Deb and I drove the Banff to Jasper highway in the summer of 1993, visiting places where I'd worked in my teens and twenties.  We stopped at the Columbia Icefield where I'd been a tour guide to Japanese, American, Canadian and German visitors.  We had the dogs with us.  We camped, and awoke one morning to snowfall in mid-July.

    The Athabasca Glacier is irrefutable proof positive of global warming. In the twenty years since I worked there, the glacier has receded a couple of kilometres.  Standing in the spot I'm photographing from, I would have been encased in more than twenty feet of ice twenty years earlier.


This was my first brindle Great Dane, Cleo.
In my day, I used to give the adventure ride of their life to eight tourists at a time in this wonderful old Bombardier half-track, looking down sink wells and crevasses, close to the ice, bombing around on the ice with a hilarious spiel that always generated monster tips for me and unforgettable memories for them.

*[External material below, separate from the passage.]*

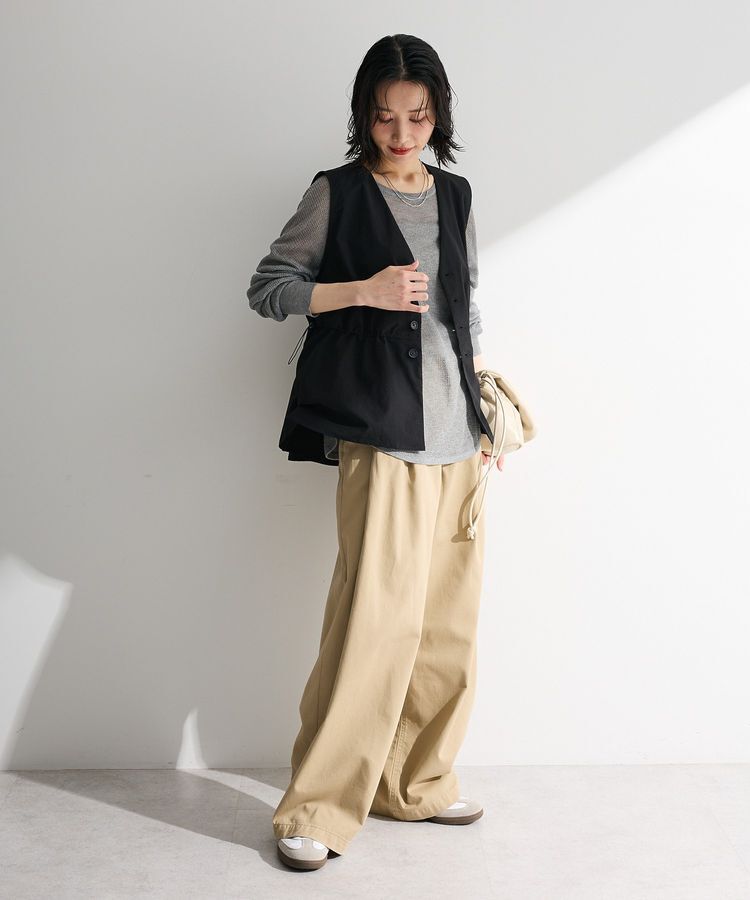 Green Parks「【楽しゃれUV】ドロストフレアベスト」|ベスト・ジレ|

In 1993, Deb had to ride in this slow,  air-conditioned bus, listening to the drone of a bored tour guide speaking into a microphone, insulated from direct experience of the highlights and thrills of the glacier.  I refused to go on this ride.
         Part of my guided tour spiel, twenty years earlier: upon passing a sign of a penguin with blood dripping from its beak, posted beside a crevasse by a fellow guide, 
    "That?  Oh, that's the Albino Penguin.  They hide in the crevasses.  Yes, they're hard to see.  They're the same colour as the ice, of course, being albino, and they generally only come out at night.  They're responsible for the loss of the glacier - you know that it is receding, don't you? The Albino Penguins sneak out at night down there at the toe of the glacier, and chew on it to keep their beaks sharp.  A little each night...it adds up, night after night.  The glacier gets about six feet shorter every year. 
    "Dangerous?  Oh, very dangerous, indeed.  Did you notice the blood on his beak?  When visitors fall down one of these crevasses, they are never found again.  We believe they are quickly consumed by the voracious Albino Penguins.")

    When Deb and her fellow passengers got off the bus at the turn-around point, they got to stroll around for a short time on one of the upper steps of the glacier, which pours out through the pass ahead of them from a huge bowl formed by a ring of high mountain peaks.  Twenty years earlier, Japanese tourists would bring bottles of whiskey to mix with glacier ice chips, to toast their arrival at this spot.  It was a great tradition, and the tour guide was required to share the toast.  At eight tours per day, it could get a bit dicey if there were too many Japanese tour groups on your schedule.

We passed this lake on the drive down to Rocky Mountain House.  It looks like a doctored picture postcard, but this is truly just a photograph. It looks just as we saw it with our own eyes on that day.  Spectacular.